Up to 60% of the estimated 12,000 detainees in the country's prisons and military
compounds face intimidation, beatings or torture that leads to broken bones
and sometimes death, said Saad Sultan, head of a board overseeing the treatment
of prisoners at the Human Rights Ministry. He added that police and security
forces attached to the Interior Ministry are responsible for most abuses.
The units have used tactics reminiscent of Saddam Hussein's secret intelligence
squads, according to the ministry and independent human rights groups and lawyers,
who have cataloged abuses.
"We've documented a lot of torture cases," said Sultan, whose committee
is pushing for wider access to Iraqi-run prisons across the nation. "There
are beatings, punching, electric shocks to the body, including sensitive areas,
hanging prisoners upside down and beating them and dragging them on the ground….
Many police officers come from a culture of torture from their experiences over
the last 35 years. Most of them worked during Saddam's regime."
The ordeal described by Hussam Guheithi is similar to many cases. When Iraqi
national guardsmen raided his home last month, the 35-year-old Sunni Muslim
imam said they lashed him with cables, broke his nose and promised to soak their
uniforms with his blood. He was blindfolded and driven to a military base, where
he was interrogated and beaten until the soldiers were satisfied that he wasn't
an extremist.
At the end of nine days, Guheithi said, the guardsmen told him, "You have
to bear with us. You know the situation now. We're trying to find terrorists."

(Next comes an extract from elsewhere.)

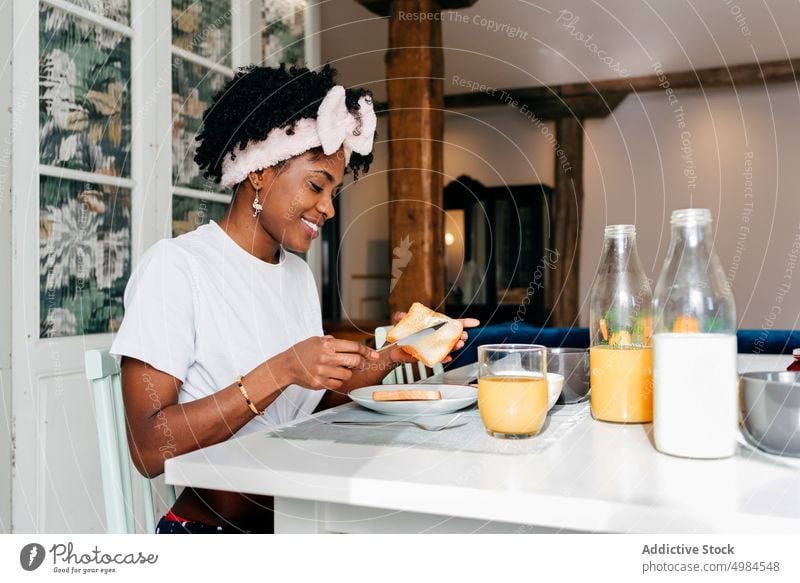 Schwarzes Mädchen, das beim Frühstück Butter auf einen Toast schmiert Frau heimwärts Lächeln Brot Zuprosten ethnisch Morgen jung Gesundheit Müsli Lebensmittel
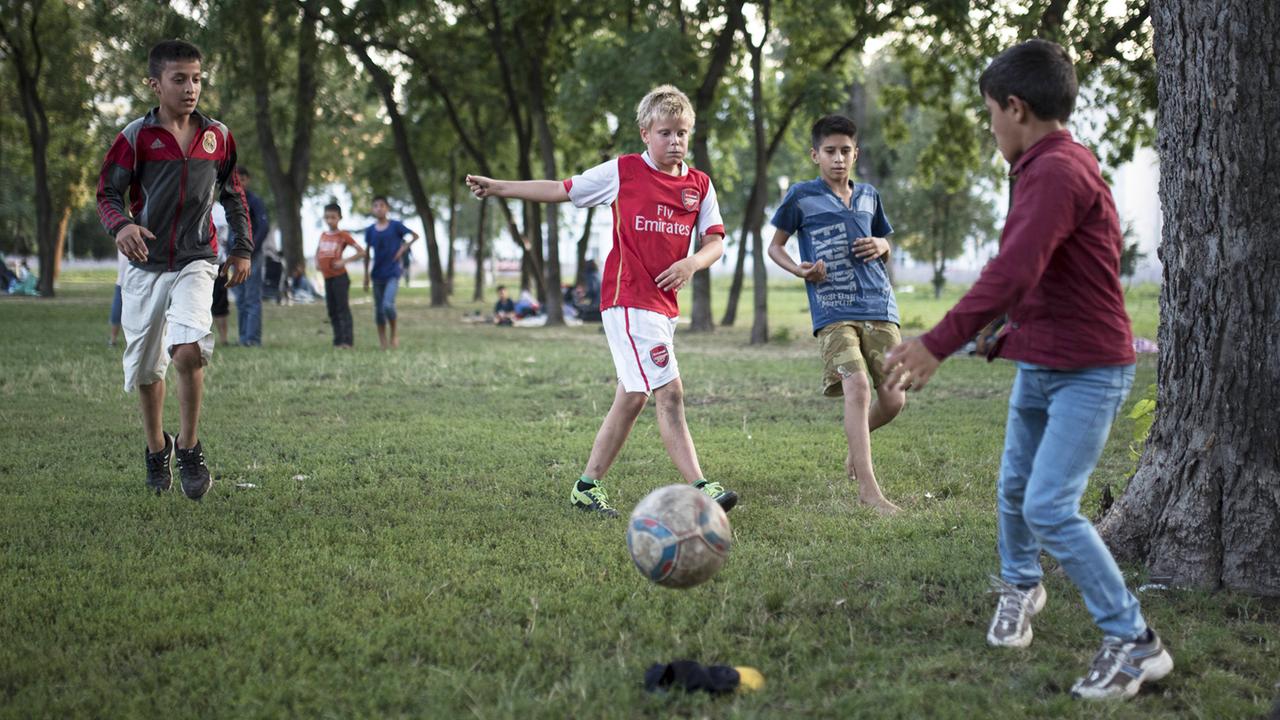 Kinder unterschiedlicher Herkunft spielen Fußball zusammen.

The Interior Ministry, responsible for the nation's internal security, acknowledges
cases of mistreatment but denies that torture is common. Interior Minister Bayan
Jabr is a Shiite Muslim, and some Sunni Muslim tribal leaders and politicians
have accused the ministry of unfairly targeting Sunnis, who make up the bulk
of the insurgency.
"There are no official accusations that the ministry's forces are carrying
out widespread abuse and torture of detainees," said Col. Adnan Joubouri,
a ministry spokesman. "There was some abuse of authority, and those officials
responsible are being punished."
U.S. officials, whose image on detainment issues has already been tarnished
by the prisoner abuse scandal at Abu Ghraib, say they are troubled by the allegations
of torture. They worry that mistreatment by Iraqi police and national guardsmen,
thousands of whom were trained by American instructors who sought to steer the
departments away from Hussein's corrupt legacy, may be viewed as an extension
of Abu Ghraib.
"We understand and we hear that [torture] is potentially happening, and
this is an issue we are constantly talking about," said a senior U.S. military
official in Baghdad. "I think this is an issue no one can afford to ignore."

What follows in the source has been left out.